Que dit la loi et à qui s'adresse-t-elle?
Denis Masmejan: L'article 47 de la loi sur les banques punit la violation du secret bancaire de trois ans de prison. Traditionnellement, cette disposition visait les personnes exerçant une fonction au sein d’une banque et soumis dès lors à un secret professionnel. Une révision de cet article, entrée en vigueur en 2015, a étendu le cercle des personnes visées à des tiers qui exploitent des informations couvertes par le secret bancaire à leur profit ou au profit d’un tiers.

«Cette révision visait principalement les personnes cherchant à vendre des fichiers de clients obtenus illégalement»

Mais lors des débats parlementaires, il est apparu que des journalistes publiant de telles informations pourraient, eux aussi, être poursuivis.

Dans quel contexte a-t-elle été élaborée?
Dans le contexte des années qui ont suivi 2009 et la fin, par étapes, du secret bancaire comme modèle d’affaires pour les banques suisses. On peut citer notamment l’affaire de Hervé Falciani qui avait réussi à sortir d’importants fichiers de clients de la banque HSBC à Genève. Ou encore les données bancaires vendues aux services secrets allemands. Ces affaires ont poussé le Parlement à réagir et à punir plus sévèrement ce type de comportements.

Pourquoi les journalistes se sentent-ils menacés?
Lors de la discussion au parlement, deux interventions à la tribune du Conseil national ont confirmé que le nouvel article pouvait aussi s’appliquer à des journalistes, en particulier celle d’Eveline Widmer-Schlumpf, alors cheffe du Département fédéral de justice et police. Elle a toutefois laissé entendre que d’éventuelles poursuites contre des journalistes dépendraient d’une évaluation au cas par cas, car ils pourraient invoquer, selon les circonstances, des motifs disculpatoires.

En tant que journaliste travaillant en Suisse, si je participe à cet échange de données, je peux donc être poursuivie?
Oui, vous le pouvez. Un juriste ne pourra pas vous dire que vous ne risquez rien. Raison pour laquelle le groupe Tamedia n'a pas souhaité participer à l'enquête.

«Vous pouvez, bien entendu, relayer l'information en vous basant sur d'autres médias, mais vous vous exposez à un risque de poursuites pénales si vous participez à l'enquête, si vous "exploitez" vous-même des données bancaires volées»

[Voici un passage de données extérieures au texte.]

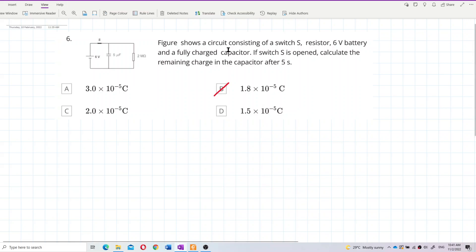The figure shows a circuit consisting of a switch S, a resistor, a 6V battery, and a fully charged capacitor. If switch S is opened, calculate the remaining charge in the capacitor after 5 seconds.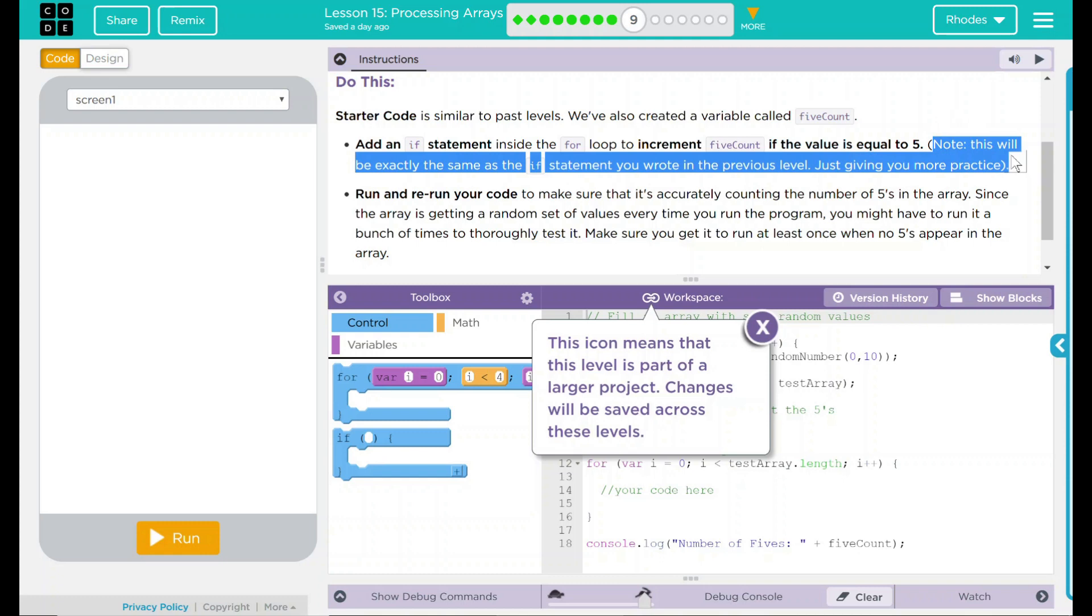Run and rerun your code to make sure that it is accurately counting the number of 5s in the array. Since the array is getting a random set of values every time you run your program, you might not have to run it a bunch of times to thoroughly test it. Make sure you get to run it at least once when no 5s appear in the array.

Si vous signez votre article, c'est vous qui serez poursuivie. Si l’article est publié sans signature, c’est le rédacteur responsable ou le responsable de la publication qui pourra être poursuivi pour ne pas s’être opposé à cette publication.

Le doute subsiste concernant l'application de la loi?
Oui, car il n'y a pas encore de jurisprudence. Cette situation incertaine a un effet inhibiteur. La position de Tamedia, qui a renoncé à participer directement au pool d’enquête réunissant des journalistes de nombreux médias, le prouve.

«Il faut noter aussi que la peine maximale théorique encourue, est lourde: trois ans de prison. Vous ne risquez donc pas seulement une amende.»

L’aspect humain, psychologique, d’une procédure pénale ne doit pas être sous-estimé non plus.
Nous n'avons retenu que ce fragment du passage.